Our plan today is to rent bicycles and ride around the town and explore the less touristy shop area. Tonight we are supposed to get tickets to a traditional Naxi music concert (Naxi is the "nationality" originally in Lijiang--more info on them to come at a later time.)

Next we go on our cruise on the Yangtze for three days and then on to Shanghai. After a couple of days, Janie and Silke will fly back and I will be on my own. Because of the national week-long holiday starting May 1, travel to and fro is insane, so I have decided to stay put. I will therefore likely be in Shanghai about 10 days, which is longer than I had intended to stay. But, it might end up being nice to have some time to mundane, every-day things. I hope to write more for the blog about what I've experienced so far, have some general chill-out time, read more about Genghis Khan (in preparation for Mongolia), and check out a film. Of course I will also see some sights and wander around the city.

Thursday, April 13, 2006

Ni Hao (from China)

Only the 7th day and yet I feel as though I have been here forever. Well, sure, forever is a bit of an exaggeration, but I certainly feel like I have been here longer than a week. You can see on my itinerary that where I have been and it seems a waste to just say in narrative form the same thing. So, in this post I will say the following:

My arrival in Beijing was a bit rough as I got quite ill (in my stomach) from turbulence at the end of the flight and then strained my back quite severely getting down a heavy backpack from the overhead bin that was way too high up for little ole me to reach. I spent the day in Beijing in bed. The next day we walked around the city and at first I must confess I experienced a bit of culture shock. But now that I've been in the country for several days, I feel much more comfortable. In fact, I felt fine after a day. My semester in Mandarin has already paid off and I am so happy that I invested the time to learn a bit of the language before the trip.

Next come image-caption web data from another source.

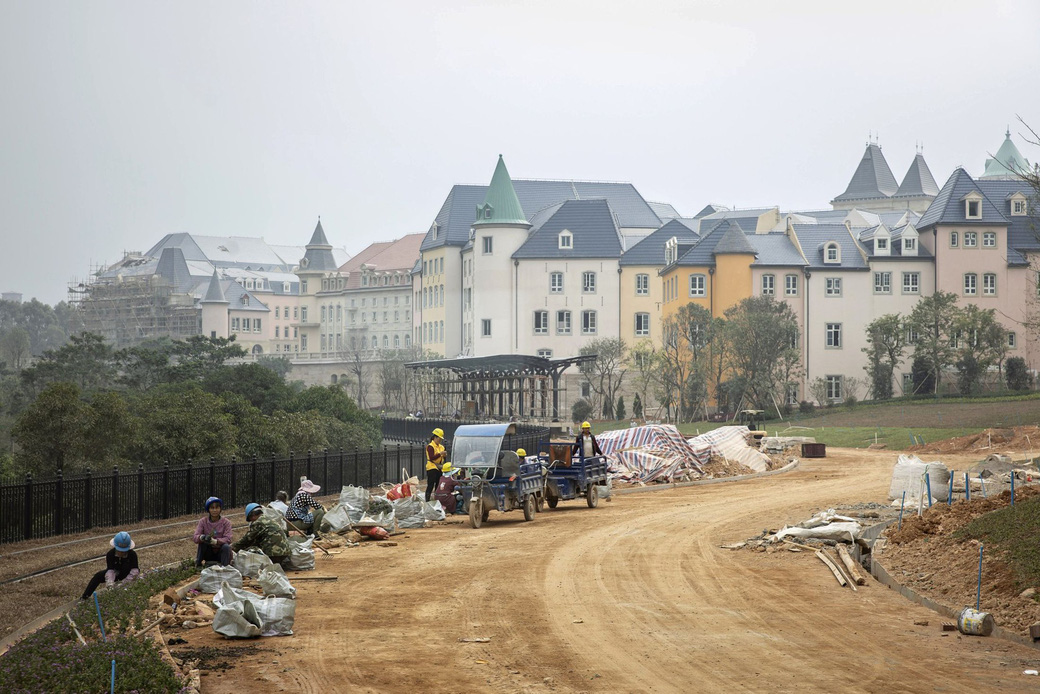 Bên trong khuôn viên đồ sộ mô phỏng kiến trúc châu Âu của Huawei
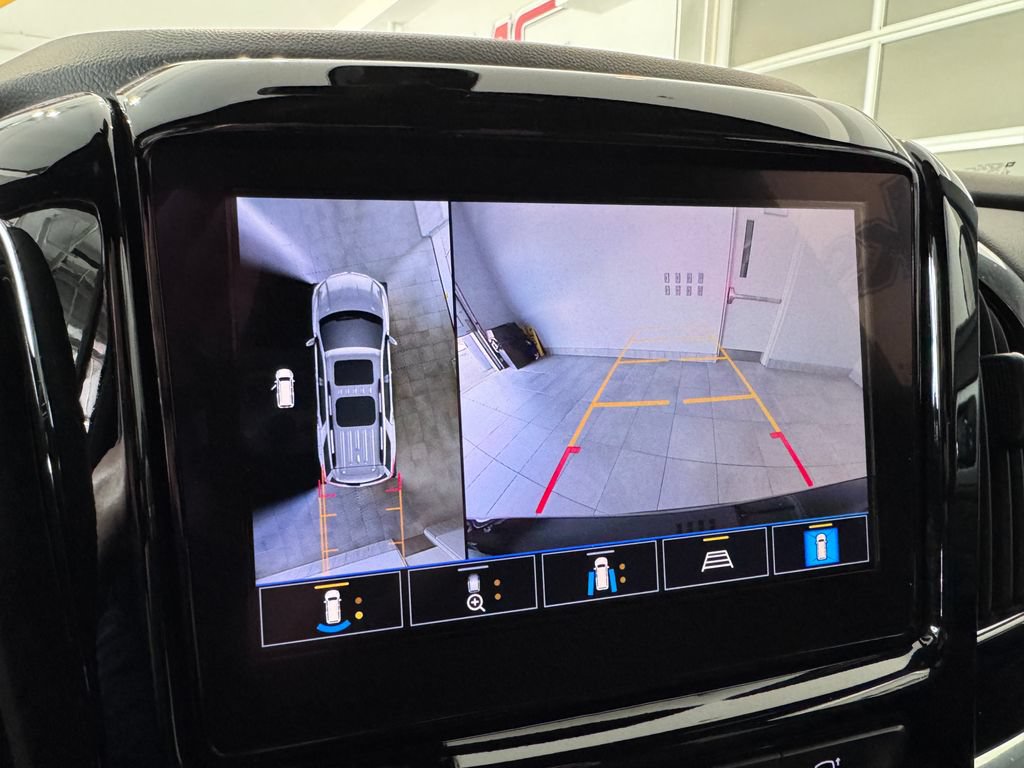 Certified 2023 Chevrolet Traverse LT w/ Rear Camera Mirror Package AWD/4WD image 20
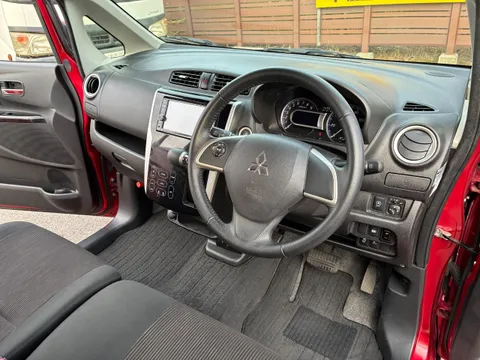 Mitsubishi eK Custom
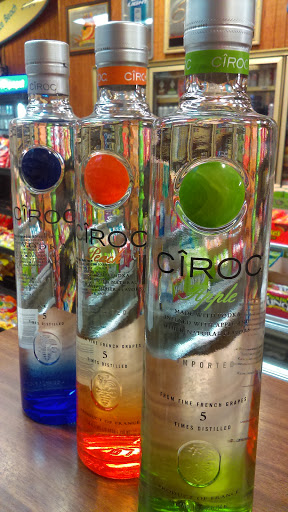 Liquor Store «Trading Post Liquor Store», reviews and photos, 1313 Main St, Venice, CA 90291, USA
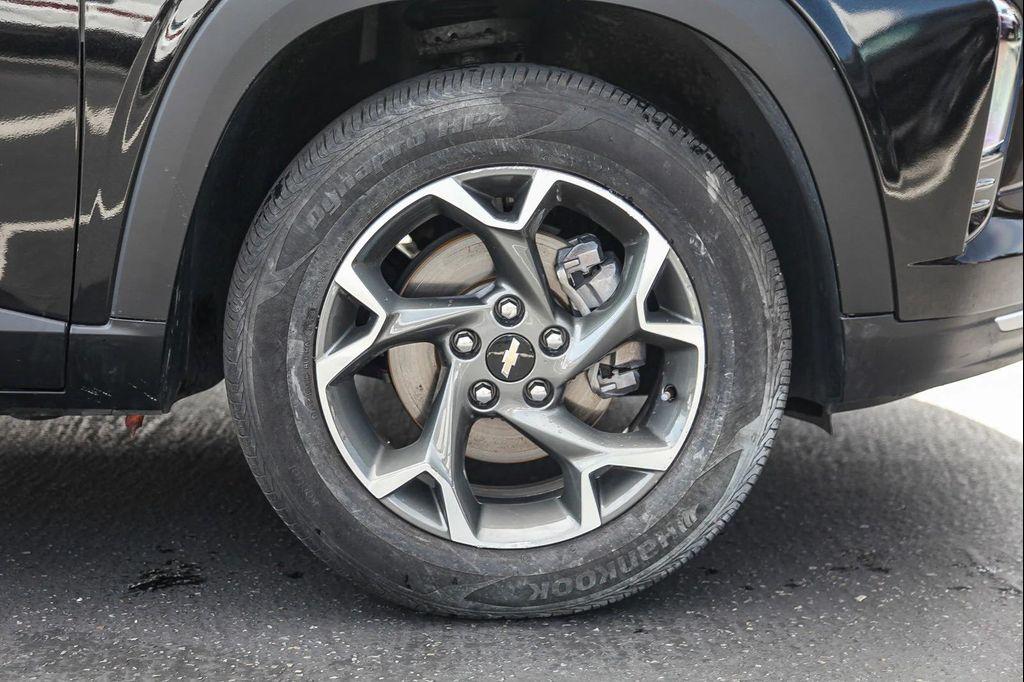 used 2024 Chevrolet Trax car, priced at $22,888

I will soon write more about some of the experiences and impressions I've had. But, just really wanted to take the opportunity while I am staying at Sim's Guesthouse in Chengdu (where they have nice internet access) to write a little hello and let anyone checking the blog know that I am a-ok and that China is well...different, but pretty freakin' awesome. One thing I will mention... I ate lunch at a restaurant called Ma Po Doufu (doufu is tofu) and ordered the dish called ma po tofu in Jason Ditzian's honor because I know how fond he is of it. It was soft tofu in a bowl of chili sauce with chili ALL over it. And it was SPICY. But, I gave it a go. And it was tasty...not quite like the ma po tofu we ordered in Berkeley (which was also tasty but not drowning in chili). Damn.

More to come...most certainly. It might be a while as I am about to hike a mountain tomorrow.

China Itinerary

April 7: Arrive Beijing

April 8: Beijing (Tiananmen Square, Forbidden City)

April 9: Beijing (Great Wall at Simatai)

April 10: Beijing (Summer Palace)[Overnight train to Xi'an]

April 11: Xi'an (Big Goose Pagoda)

April 12: Xi'an (Terracotta Warriors, City Wall)

April 13: Chengdu [Fly from Xi'an 10 a.m.]

April 14: Emei Shan (Mountain about 2 hours from Chengdu)

April 15: Emei Shan

April 16: Le Shan (Grand Buddha) [Bus to Chongqing)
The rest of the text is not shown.